先日、「働かないおじさん問題」をテーマとしたおもしろいインタビューを受けました。これまで何度も取材を受けたテーマですが、20代後半のインタビュアーA氏の第一声がいい意味で、衝撃でした。
「『なぜ、中高年がやる気を失うのか』を私なりに考えてみたのですが、ハラスメントへの気苦労も影響してますよね? もしかしたら、いちばん生きづらさを感じているのは、中高年じゃないのかなぁと」(A氏)
いやはや驚きました。

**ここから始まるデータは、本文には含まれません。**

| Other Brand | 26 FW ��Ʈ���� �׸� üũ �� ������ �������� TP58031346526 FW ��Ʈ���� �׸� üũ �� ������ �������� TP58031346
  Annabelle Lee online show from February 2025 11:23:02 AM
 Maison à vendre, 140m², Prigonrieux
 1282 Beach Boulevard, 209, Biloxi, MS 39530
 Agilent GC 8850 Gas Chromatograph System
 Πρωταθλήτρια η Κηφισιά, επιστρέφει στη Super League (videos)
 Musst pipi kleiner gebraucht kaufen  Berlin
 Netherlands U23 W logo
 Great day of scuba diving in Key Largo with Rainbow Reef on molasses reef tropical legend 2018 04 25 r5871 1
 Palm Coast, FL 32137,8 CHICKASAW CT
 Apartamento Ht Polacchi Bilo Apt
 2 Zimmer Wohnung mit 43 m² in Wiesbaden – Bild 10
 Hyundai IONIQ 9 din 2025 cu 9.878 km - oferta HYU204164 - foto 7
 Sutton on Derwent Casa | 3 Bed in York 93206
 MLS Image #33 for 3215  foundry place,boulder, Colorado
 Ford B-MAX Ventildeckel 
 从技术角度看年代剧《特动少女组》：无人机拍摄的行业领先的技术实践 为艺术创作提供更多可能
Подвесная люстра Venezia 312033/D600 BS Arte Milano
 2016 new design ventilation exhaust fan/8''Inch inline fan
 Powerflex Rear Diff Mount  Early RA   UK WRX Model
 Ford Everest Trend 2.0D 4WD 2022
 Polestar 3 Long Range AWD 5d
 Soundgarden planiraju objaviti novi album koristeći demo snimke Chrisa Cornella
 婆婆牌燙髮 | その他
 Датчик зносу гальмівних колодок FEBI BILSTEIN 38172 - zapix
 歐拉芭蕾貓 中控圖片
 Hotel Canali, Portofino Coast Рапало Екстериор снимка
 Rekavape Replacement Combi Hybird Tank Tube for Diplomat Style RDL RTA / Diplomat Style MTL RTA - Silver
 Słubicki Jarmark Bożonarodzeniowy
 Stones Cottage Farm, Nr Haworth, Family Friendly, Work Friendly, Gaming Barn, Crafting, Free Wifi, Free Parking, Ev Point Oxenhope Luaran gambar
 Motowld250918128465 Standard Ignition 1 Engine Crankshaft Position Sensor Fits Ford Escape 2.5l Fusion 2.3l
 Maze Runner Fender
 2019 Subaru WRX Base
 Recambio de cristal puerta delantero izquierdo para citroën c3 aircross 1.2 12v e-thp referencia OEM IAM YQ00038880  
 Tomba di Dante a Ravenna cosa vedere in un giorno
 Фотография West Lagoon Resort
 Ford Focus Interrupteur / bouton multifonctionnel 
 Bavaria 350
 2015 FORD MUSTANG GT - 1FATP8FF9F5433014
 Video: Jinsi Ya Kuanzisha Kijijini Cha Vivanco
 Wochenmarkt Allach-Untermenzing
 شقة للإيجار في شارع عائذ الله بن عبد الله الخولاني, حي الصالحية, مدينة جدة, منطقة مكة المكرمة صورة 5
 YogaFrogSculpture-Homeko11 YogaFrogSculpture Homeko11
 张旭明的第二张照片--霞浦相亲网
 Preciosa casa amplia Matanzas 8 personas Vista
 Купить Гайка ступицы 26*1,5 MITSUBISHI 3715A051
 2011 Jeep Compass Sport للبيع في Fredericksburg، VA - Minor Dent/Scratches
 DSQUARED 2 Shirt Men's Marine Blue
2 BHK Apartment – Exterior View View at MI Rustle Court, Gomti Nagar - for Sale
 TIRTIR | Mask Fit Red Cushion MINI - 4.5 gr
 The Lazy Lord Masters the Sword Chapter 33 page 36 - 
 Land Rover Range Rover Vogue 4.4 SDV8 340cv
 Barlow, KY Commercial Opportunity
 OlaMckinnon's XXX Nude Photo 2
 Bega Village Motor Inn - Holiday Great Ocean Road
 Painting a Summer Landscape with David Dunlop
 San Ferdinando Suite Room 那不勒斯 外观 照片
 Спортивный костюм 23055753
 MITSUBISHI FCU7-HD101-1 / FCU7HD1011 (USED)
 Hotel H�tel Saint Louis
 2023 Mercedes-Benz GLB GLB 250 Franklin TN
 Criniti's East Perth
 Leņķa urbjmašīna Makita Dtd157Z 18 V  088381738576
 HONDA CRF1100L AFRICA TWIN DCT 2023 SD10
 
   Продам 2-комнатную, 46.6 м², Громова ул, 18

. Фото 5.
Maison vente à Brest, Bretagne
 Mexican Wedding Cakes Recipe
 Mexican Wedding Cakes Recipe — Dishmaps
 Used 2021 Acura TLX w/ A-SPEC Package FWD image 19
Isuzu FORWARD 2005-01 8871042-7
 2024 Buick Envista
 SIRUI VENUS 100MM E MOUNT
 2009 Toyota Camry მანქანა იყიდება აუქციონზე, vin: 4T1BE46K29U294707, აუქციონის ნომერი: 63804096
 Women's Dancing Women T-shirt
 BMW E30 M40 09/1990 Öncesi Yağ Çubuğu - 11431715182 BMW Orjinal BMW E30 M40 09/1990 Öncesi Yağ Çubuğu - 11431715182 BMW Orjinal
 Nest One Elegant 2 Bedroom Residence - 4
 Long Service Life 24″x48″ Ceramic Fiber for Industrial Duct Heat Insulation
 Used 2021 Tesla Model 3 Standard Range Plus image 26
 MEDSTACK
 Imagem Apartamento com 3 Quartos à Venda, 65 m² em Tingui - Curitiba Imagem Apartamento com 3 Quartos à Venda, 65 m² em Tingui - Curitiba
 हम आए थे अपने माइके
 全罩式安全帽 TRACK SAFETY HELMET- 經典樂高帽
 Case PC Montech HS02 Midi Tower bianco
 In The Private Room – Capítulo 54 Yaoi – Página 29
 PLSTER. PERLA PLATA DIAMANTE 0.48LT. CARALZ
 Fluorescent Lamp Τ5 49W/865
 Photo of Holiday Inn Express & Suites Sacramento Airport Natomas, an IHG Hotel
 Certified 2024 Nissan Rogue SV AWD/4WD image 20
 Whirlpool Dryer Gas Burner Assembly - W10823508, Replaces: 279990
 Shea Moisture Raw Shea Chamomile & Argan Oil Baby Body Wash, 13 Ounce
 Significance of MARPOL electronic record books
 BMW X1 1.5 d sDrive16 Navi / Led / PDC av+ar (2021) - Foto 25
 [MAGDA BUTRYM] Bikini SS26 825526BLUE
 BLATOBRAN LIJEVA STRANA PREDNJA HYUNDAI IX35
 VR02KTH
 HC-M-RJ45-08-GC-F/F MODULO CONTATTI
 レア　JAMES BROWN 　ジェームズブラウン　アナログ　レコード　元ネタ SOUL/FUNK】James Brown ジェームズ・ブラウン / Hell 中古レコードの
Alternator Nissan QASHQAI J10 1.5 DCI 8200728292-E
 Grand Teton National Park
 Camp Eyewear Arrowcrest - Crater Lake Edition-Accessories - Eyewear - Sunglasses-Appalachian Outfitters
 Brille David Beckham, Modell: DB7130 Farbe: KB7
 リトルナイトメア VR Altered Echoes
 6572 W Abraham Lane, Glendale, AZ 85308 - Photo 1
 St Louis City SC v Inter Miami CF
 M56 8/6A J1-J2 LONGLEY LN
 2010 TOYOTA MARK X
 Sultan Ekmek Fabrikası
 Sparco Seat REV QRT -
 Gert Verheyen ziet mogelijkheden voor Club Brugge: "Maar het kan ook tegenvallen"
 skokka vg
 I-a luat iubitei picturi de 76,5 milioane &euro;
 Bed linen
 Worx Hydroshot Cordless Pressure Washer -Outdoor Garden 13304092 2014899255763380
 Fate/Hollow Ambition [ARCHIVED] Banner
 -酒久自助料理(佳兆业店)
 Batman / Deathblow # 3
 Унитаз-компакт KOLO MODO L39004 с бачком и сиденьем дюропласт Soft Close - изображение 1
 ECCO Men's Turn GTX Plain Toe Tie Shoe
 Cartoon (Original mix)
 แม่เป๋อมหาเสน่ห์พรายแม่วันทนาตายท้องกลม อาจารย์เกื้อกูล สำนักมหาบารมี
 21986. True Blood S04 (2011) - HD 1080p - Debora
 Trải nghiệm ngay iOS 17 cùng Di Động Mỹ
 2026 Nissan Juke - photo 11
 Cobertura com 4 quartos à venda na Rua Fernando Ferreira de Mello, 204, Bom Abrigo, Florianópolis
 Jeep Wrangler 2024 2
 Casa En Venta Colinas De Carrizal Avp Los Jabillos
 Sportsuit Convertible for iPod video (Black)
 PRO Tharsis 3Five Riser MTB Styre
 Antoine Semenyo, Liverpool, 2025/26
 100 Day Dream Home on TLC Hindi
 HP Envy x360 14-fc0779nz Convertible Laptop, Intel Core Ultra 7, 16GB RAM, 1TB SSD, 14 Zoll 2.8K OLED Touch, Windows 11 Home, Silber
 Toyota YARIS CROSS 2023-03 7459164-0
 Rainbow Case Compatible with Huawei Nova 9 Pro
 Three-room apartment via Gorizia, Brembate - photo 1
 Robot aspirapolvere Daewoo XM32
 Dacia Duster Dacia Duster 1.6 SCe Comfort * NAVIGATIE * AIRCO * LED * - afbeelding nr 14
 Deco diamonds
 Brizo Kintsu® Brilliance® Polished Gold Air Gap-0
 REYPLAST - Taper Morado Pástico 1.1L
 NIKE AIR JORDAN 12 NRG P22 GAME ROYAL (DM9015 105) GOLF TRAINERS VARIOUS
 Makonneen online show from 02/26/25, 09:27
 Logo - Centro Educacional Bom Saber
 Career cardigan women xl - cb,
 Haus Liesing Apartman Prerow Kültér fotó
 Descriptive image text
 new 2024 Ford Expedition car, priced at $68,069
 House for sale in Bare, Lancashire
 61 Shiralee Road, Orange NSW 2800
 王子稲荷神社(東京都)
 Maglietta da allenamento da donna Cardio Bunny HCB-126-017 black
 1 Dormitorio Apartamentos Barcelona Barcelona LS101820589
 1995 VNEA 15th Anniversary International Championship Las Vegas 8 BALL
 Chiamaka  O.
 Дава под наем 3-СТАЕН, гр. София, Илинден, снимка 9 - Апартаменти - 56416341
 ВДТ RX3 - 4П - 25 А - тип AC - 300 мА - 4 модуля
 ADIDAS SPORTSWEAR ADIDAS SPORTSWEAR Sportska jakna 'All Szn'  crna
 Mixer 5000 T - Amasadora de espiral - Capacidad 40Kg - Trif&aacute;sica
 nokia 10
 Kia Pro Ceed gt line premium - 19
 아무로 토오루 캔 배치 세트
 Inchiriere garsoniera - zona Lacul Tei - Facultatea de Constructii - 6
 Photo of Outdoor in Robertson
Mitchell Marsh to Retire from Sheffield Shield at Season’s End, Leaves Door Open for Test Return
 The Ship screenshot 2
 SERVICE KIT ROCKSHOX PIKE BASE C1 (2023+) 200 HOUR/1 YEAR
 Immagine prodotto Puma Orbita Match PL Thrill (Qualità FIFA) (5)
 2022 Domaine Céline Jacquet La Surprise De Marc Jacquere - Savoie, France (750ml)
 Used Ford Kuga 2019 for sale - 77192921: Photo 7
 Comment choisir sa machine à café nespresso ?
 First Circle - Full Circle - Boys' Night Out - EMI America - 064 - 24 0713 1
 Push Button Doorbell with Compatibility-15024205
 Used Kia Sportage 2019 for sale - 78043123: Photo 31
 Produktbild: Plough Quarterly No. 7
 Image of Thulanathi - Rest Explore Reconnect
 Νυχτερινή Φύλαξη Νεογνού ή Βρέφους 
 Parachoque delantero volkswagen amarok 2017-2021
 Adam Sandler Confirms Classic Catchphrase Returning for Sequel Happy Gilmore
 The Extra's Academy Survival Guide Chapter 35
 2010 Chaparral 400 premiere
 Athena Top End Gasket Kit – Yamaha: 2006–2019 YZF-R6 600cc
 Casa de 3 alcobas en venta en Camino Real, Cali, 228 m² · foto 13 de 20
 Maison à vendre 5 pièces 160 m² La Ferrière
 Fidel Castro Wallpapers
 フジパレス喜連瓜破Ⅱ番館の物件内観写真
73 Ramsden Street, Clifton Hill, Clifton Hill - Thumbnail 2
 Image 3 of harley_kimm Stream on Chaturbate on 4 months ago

このような気遣いをされたのは初体験です。
これまでの取材やインタビューでは、最初から「働かないおじさん」を厄介者扱いし「働かないおじさんだけじゃなく、働かないおばさんもいますよね?!」「働かないおじさんって、なんであんなに偉そうなんですか?」「働かないおじさん、マジでむかつきます!」などなど、不平不満をこれでもか! と聞かされました。
あまりのいいように「おじさんたちをディスっているあなた方も、近い将来そうやって言われてしまうのですよ?」と反論したくなることもしばしば。しかも、今回はA氏の質問に中高年側の葛藤をあれこれ答えていたところ「(中高年社員は)そんなに気を使わないで、もっといろいろと教えてほしい」と、温かいお言葉まで!
とにもかくにも、今回ばかりは中高年たちの肩をガッツリつかんで「しっかりしろ!!」と叫びたくなりました。
確かにこれまでも、30代後半など働き盛りの社員たちから「もっと40代、50代にサポートしてもらいたい」「会社は若手育成だと言って、僕ら世代にいろいろ任せるけれど、上の世代に教えてもらいたいのに、明らかに遠慮している」「高い給料をもらっているのに働かない先輩社員を疎ましく思う気持ちがある一方で、もっと上の世代と若い世代が一緒になって仕事をした方がいいんじゃないかって思う」といった意見を聞くことはありました。
個人的な話になればなるほど、中高年社員に敬意と尊敬の念を抱く気持ちを話してくれたのです。
中高年のシニア社員たちが考える以上に、若い社員たちは50代に力になってほしいと思っている。自身の自己評価よりも50代社員を評価し、期待しています。
「ハラスメントにならないか?」と気遣うのは大いに結構ですが(気にしすぎるくらい気にしていいです)、ハラスメントになったら嫌だだから「なるべく関わるのはやめよう」と自分にリミットをかけるのは、自らやる気の芽をつぶすようなものです。